The paintbrush can be made wet a day before grafting and given a bent, pointed shape to the tip, and left to dry. It will be near perfect for grafting day. You can lick it, or dip it in RJ to keep it wet while grafting.

I agree with Big Black Bird about setting up a Cell Finisher Colony - combining colonies works - but your best colony is your breeder queen - so don't use her's. If I have 15 colonies, my 3 or 4 best are the queen BREEDER colonies. Those breeder queens get put individually into Pritchard boxes with 3 special combs to lay in - a Miller method frame, a Jay Smith frame for the Cut Cell method, and a top bar of freshly-drawn comb from worker foundation for grafting. 

The Pritchard box (which I thought I invented - I called it a Queen Jail - Mr.
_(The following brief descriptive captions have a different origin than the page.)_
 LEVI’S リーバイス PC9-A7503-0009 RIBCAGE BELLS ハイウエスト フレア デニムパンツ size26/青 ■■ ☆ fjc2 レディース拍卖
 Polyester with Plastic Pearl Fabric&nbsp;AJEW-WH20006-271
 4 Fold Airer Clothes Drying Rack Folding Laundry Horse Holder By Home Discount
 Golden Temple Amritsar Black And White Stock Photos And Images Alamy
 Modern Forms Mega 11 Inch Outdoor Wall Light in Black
Pritchard got the same idea more than a half century before me) is just a place to hold a breeder queen for 4 days so I know exactly where to find 1 day old larvae from a really good queen mother on Grafting day, and it's portable, so I can take it to just outside the grafting tent.

Your second best colony (or 4th best if breeding from 3 queens, etc.) is your drone mother colony. It gets fed pollen substitute patties all season long, and gets boosted with drone comb. Gotta watch this one for mites!
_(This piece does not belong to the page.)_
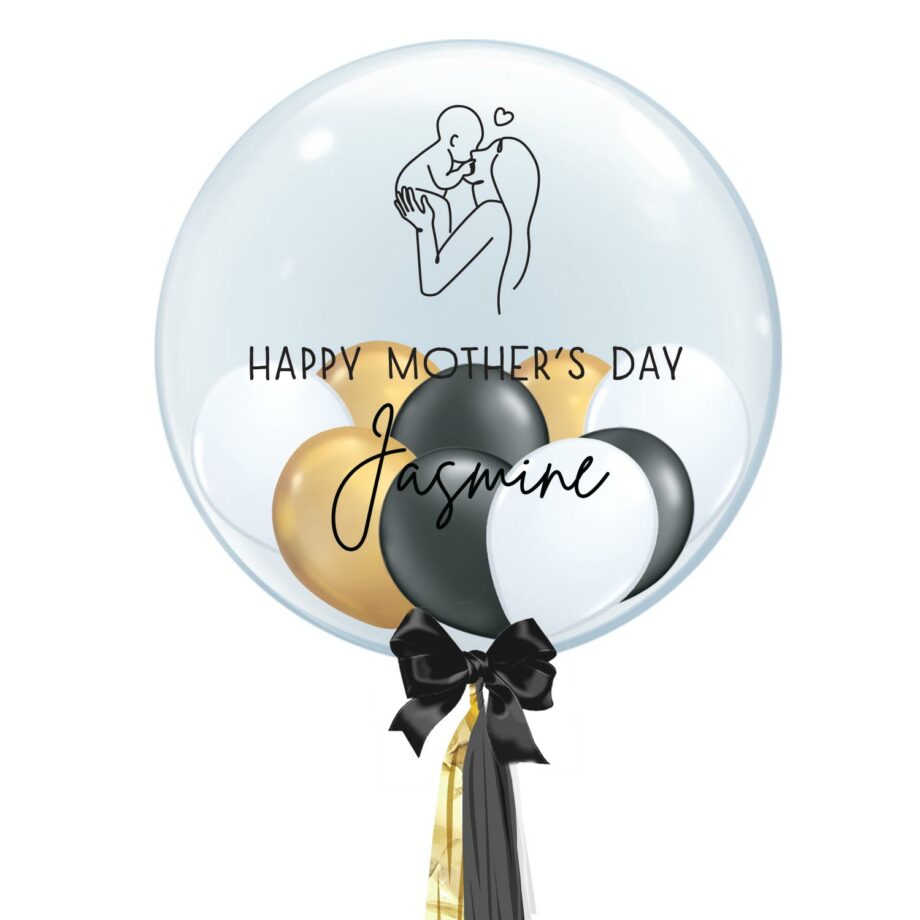 Custom Mother’s Day Collection Mother and Baby Line Art Design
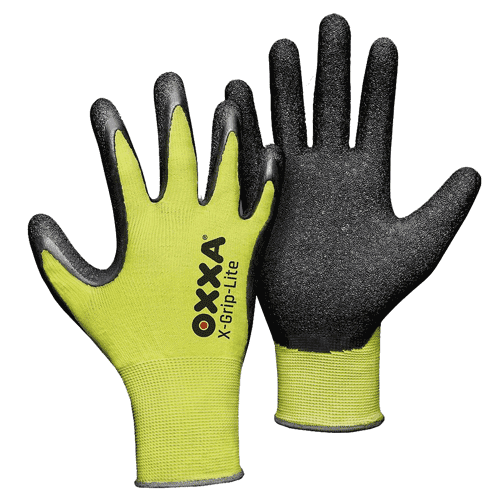 Werkhandschoen X-Grip, geel/zwart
The next 2 strong (or 1 strong and 2 not-so-strong) colonies after that are combiners to make up your Finisher colony, even if it is a Starter / Finisher. They do not have to be insanely large - that's why I combine them. The real trick is importing 8 to 10 frames of capped, hatching brood from other support colonies. Michael Palmer keeps his apiaries sustainable by bringing in these "import" frames from over-wintered nucleus colonies, not taking his honey producers off line. 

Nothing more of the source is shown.